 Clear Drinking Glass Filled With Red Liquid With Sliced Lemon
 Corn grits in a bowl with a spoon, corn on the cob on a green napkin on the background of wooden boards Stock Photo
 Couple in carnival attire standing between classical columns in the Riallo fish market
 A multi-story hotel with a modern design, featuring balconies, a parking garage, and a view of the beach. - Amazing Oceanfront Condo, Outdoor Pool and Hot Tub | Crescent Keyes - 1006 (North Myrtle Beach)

========================================

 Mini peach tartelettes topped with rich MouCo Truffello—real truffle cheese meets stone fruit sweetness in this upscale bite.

========================================

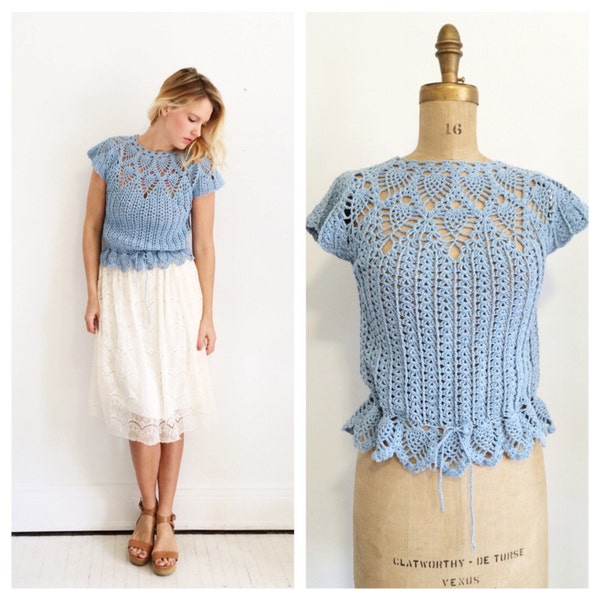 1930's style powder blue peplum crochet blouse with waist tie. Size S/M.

========================================

▶ _Required action_
Above are the lines; repeat exactly the ones from the line containing "Clear Drinking Glass" down to the line containing "A multi-story hotel", both inclusive.

▶ _Written response_
 Clear Drinking Glass Filled With Red Liquid With Sliced Lemon
 Corn grits in a bowl with a spoon, corn on the cob on a green napkin on the background of wooden boards Stock Photo
 Couple in carnival attire standing between classical columns in the Riallo fish market
 A multi-story hotel with a modern design, featuring balconies, a parking garage, and a view of the beach. - Amazing Oceanfront Condo, Outdoor Pool and Hot Tub | Crescent Keyes - 1006 (North Myrtle Beach)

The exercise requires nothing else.